Extract only required files in U-SQL

1.2k views Asked by At

Is it possible to extract files only for 3 days, without extracting all the files.

 DROP VIEW IF EXISTS dbo.Read;  
 CREATE VIEW IF NOT EXISTS dbo.Read AS


EXTRACT     
    Statements
FROM  
"adl://Test/{date:yyyy}/{date:M}/{date:d}/Testfile.csv"
USING Extractors.Csv(silent:true,quoting : true, nullEscape : "/N");

@res =
SELECT * FROM dbo.Read
WHERE date BETWEEN DateTime.Parse("2015/07/01") AND DateTime.Parse("2015/07/03");

OUTPUT @res
TO "adl://test/Testing/loop.csv"
USING Outputters.Csv();
2

There are 2 answers

2
Alexandre Gattiker On BEST ANSWER

Partition elimination already ensures for your query that only files matching predicates will actually be read (you can confirm that in the job graph).

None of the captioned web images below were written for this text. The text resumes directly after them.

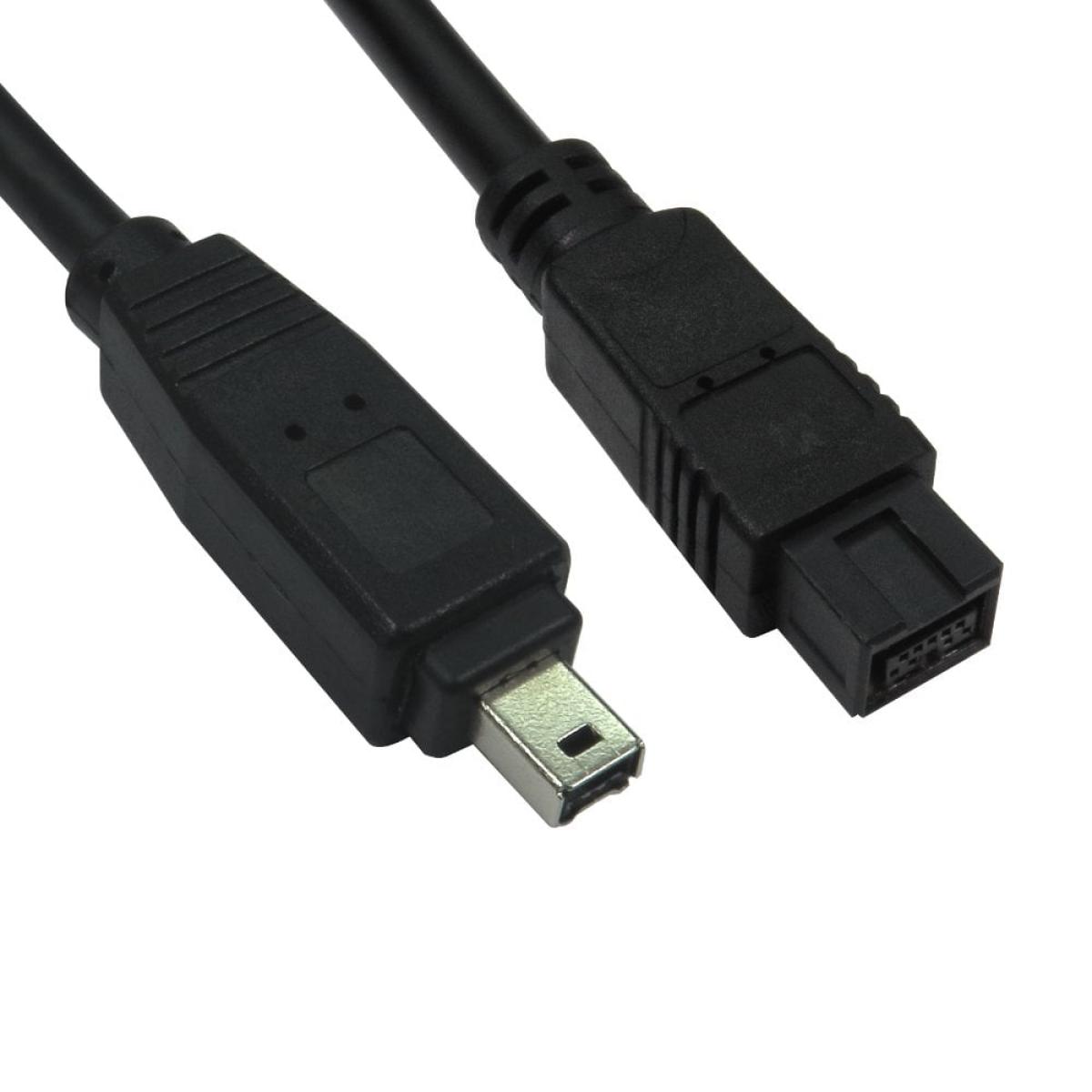 CDL 3m Firewire 9 Pin to 4 Pin Cab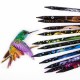 Карандаши цветные MAPED 'COLOR PEP'S Black Monster', 12 цветов, трехгранные, 862612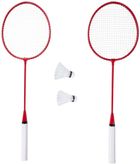 Donnay, zestaw plażowo-ogrodowy do badmintona 5w1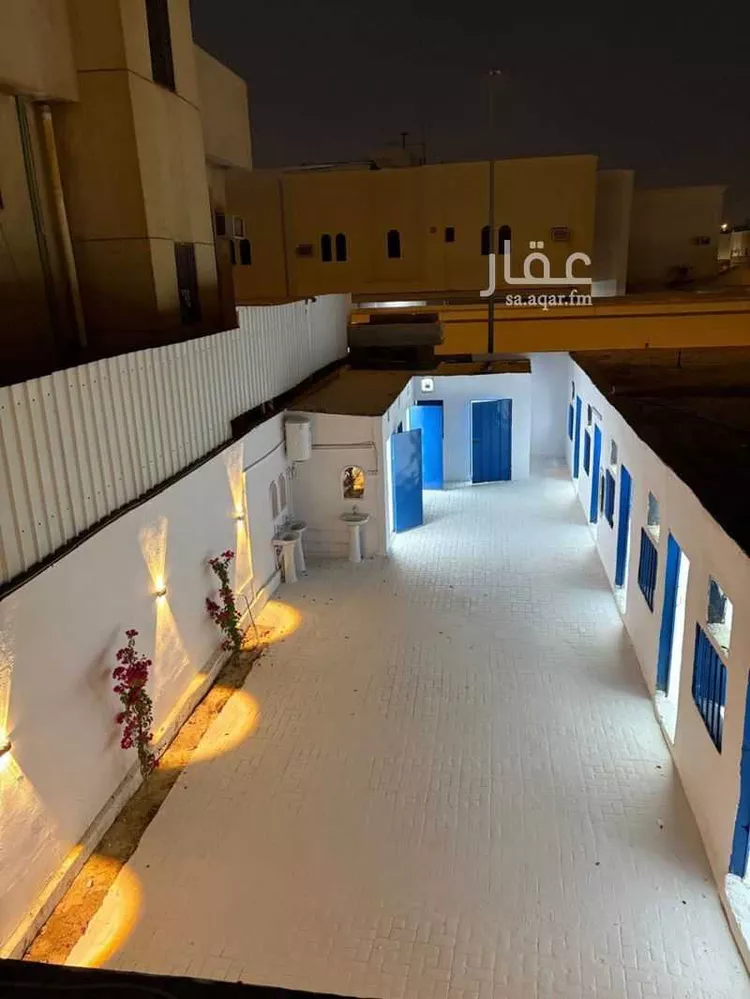 عمارة للإيجار في شارع جبل اجا, حي النسيم الشرقي, مدينة الرياض, منطقة الرياض 7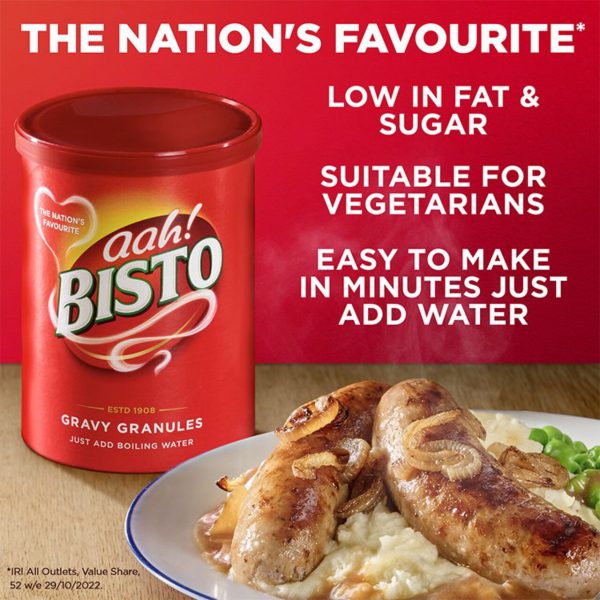 Bisto Gravy Granules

See also my previous answer for How to implement Loops in U-SQL

If you have remaining concerns about performance, the job graph can also help you nail down where they originate.

1
OmidA On

You can use the pattern identifiers in the fileset specification in parts of the path or even parts of the name (see https://msdn.microsoft.com/en-us/library/azure/mt771650.aspx). You can do lists of files, so if you only have one file in each directory you can do;

EXTRACT ...
FROM "adl://Test/2015/07/1/Testfile.csv"
     , "adl://Test/2015/07/2/Testfile.csv"
USING ...;

If there is more than one file in each directory you can do individual extracts for each day and then union the result. Something like:

@a = EXTRACT .... 
     FROM "adl://Test/2015/07/1/{*}.csv"
     USING ...;
@b = EXTRACT ....          
     FROM "adl://Test/2015/07/2/{*}.csv"
     USING ...;
@fullset = SELECT * FROM @a UNION SELECT * FROM @b;

Unfortunately I believe there is no list of filesets at the moment allowing you to do above case in one EXTRACT statement.